- **YOUR ASSIGNMENT**: Repeat the listing below line for line, exactly as shown.

- **THE INPUT**:
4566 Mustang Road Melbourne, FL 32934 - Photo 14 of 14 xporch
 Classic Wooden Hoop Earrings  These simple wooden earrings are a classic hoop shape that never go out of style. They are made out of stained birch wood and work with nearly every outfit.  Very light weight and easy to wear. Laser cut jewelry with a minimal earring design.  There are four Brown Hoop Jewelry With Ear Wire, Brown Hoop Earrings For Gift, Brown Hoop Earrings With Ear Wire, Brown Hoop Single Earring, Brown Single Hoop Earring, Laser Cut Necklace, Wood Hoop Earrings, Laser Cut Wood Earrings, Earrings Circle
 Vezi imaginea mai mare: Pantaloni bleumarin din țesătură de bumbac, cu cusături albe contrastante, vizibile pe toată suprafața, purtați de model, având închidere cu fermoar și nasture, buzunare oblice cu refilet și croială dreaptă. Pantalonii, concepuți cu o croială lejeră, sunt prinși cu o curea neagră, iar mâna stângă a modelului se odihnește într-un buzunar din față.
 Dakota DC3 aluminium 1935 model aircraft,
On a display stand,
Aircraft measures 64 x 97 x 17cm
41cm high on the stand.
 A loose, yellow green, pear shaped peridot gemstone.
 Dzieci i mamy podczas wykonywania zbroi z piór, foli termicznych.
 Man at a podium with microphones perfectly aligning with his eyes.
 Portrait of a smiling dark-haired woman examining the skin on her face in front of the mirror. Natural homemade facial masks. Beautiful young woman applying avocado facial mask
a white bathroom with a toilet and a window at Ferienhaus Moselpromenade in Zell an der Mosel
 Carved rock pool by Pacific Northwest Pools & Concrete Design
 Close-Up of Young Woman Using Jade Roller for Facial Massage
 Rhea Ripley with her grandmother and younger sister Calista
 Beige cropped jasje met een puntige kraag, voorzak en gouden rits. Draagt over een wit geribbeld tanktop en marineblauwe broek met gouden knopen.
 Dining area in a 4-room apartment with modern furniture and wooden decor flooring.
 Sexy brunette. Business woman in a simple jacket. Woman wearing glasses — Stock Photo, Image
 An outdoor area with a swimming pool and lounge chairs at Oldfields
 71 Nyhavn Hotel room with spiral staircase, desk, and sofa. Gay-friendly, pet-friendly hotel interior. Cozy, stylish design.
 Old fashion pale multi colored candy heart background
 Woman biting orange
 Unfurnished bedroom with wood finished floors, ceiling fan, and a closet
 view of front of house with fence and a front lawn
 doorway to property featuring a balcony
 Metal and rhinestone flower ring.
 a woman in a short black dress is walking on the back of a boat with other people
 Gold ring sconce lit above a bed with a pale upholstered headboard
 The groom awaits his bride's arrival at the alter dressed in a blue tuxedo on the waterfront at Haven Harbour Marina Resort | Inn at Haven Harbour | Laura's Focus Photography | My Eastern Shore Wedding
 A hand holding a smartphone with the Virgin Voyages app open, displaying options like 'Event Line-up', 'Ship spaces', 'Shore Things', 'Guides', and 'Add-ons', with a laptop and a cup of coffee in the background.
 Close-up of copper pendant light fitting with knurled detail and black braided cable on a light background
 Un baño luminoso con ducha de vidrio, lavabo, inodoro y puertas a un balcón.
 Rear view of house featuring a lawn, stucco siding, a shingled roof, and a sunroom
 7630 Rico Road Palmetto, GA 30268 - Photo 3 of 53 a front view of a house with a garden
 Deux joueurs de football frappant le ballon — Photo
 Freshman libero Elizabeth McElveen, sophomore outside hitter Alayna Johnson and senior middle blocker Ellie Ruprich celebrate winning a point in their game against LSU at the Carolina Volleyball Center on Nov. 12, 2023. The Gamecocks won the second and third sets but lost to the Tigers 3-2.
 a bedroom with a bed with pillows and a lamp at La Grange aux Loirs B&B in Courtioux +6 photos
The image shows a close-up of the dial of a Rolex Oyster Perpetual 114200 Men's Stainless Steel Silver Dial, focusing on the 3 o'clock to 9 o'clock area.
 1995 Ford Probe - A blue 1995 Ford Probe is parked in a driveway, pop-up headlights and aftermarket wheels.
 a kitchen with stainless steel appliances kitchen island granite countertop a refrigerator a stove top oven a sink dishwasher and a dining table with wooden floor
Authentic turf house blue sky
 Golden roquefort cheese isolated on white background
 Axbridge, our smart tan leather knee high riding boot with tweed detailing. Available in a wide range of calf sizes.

- **COMPLETED EXERCISE**:
4566 Mustang Road Melbourne, FL 32934 - Photo 14 of 14 xporch
 Classic Wooden Hoop Earrings  These simple wooden earrings are a classic hoop shape that never go out of style. They are made out of stained birch wood and work with nearly every outfit.  Very light weight and easy to wear. Laser cut jewelry with a minimal earring design.  There are four Brown Hoop Jewelry With Ear Wire, Brown Hoop Earrings For Gift, Brown Hoop Earrings With Ear Wire, Brown Hoop Single Earring, Brown Single Hoop Earring, Laser Cut Necklace, Wood Hoop Earrings, Laser Cut Wood Earrings, Earrings Circle
 Vezi imaginea mai mare: Pantaloni bleumarin din țesătură de bumbac, cu cusături albe contrastante, vizibile pe toată suprafața, purtați de model, având închidere cu fermoar și nasture, buzunare oblice cu refilet și croială dreaptă. Pantalonii, concepuți cu o croială lejeră, sunt prinși cu o curea neagră, iar mâna stângă a modelului se odihnește într-un buzunar din față.
 Dakota DC3 aluminium 1935 model aircraft,
On a display stand,
Aircraft measures 64 x 97 x 17cm
41cm high on the stand.
 A loose, yellow green, pear shaped peridot gemstone.
 Dzieci i mamy podczas wykonywania zbroi z piór, foli termicznych.
 Man at a podium with microphones perfectly aligning with his eyes.
 Portrait of a smiling dark-haired woman examining the skin on her face in front of the mirror. Natural homemade facial masks. Beautiful young woman applying avocado facial mask
a white bathroom with a toilet and a window at Ferienhaus Moselpromenade in Zell an der Mosel
 Carved rock pool by Pacific Northwest Pools & Concrete Design
 Close-Up of Young Woman Using Jade Roller for Facial Massage
 Rhea Ripley with her grandmother and younger sister Calista
 Beige cropped jasje met een puntige kraag, voorzak en gouden rits. Draagt over een wit geribbeld tanktop en marineblauwe broek met gouden knopen.
 Dining area in a 4-room apartment with modern furniture and wooden decor flooring.
 Sexy brunette. Business woman in a simple jacket. Woman wearing glasses — Stock Photo, Image
 An outdoor area with a swimming pool and lounge chairs at Oldfields
 71 Nyhavn Hotel room with spiral staircase, desk, and sofa. Gay-friendly, pet-friendly hotel interior. Cozy, stylish design.
 Old fashion pale multi colored candy heart background
 Woman biting orange
 Unfurnished bedroom with wood finished floors, ceiling fan, and a closet
 view of front of house with fence and a front lawn
 doorway to property featuring a balcony
 Metal and rhinestone flower ring.
 a woman in a short black dress is walking on the back of a boat with other people
 Gold ring sconce lit above a bed with a pale upholstered headboard
 The groom awaits his bride's arrival at the alter dressed in a blue tuxedo on the waterfront at Haven Harbour Marina Resort | Inn at Haven Harbour | Laura's Focus Photography | My Eastern Shore Wedding
 A hand holding a smartphone with the Virgin Voyages app open, displaying options like 'Event Line-up', 'Ship spaces', 'Shore Things', 'Guides', and 'Add-ons', with a laptop and a cup of coffee in the background.
 Close-up of copper pendant light fitting with knurled detail and black braided cable on a light background
 Un baño luminoso con ducha de vidrio, lavabo, inodoro y puertas a un balcón.
 Rear view of house featuring a lawn, stucco siding, a shingled roof, and a sunroom
 7630 Rico Road Palmetto, GA 30268 - Photo 3 of 53 a front view of a house with a garden
 Deux joueurs de football frappant le ballon — Photo
 Freshman libero Elizabeth McElveen, sophomore outside hitter Alayna Johnson and senior middle blocker Ellie Ruprich celebrate winning a point in their game against LSU at the Carolina Volleyball Center on Nov. 12, 2023. The Gamecocks won the second and third sets but lost to the Tigers 3-2.
 a bedroom with a bed with pillows and a lamp at La Grange aux Loirs B&B in Courtioux +6 photos
The image shows a close-up of the dial of a Rolex Oyster Perpetual 114200 Men's Stainless Steel Silver Dial, focusing on the 3 o'clock to 9 o'clock area.
 1995 Ford Probe - A blue 1995 Ford Probe is parked in a driveway, pop-up headlights and aftermarket wheels.
 a kitchen with stainless steel appliances kitchen island granite countertop a refrigerator a stove top oven a sink dishwasher and a dining table with wooden floor
Authentic turf house blue sky
 Golden roquefort cheese isolated on white background
 Axbridge, our smart tan leather knee high riding boot with tweed detailing. Available in a wide range of calf sizes.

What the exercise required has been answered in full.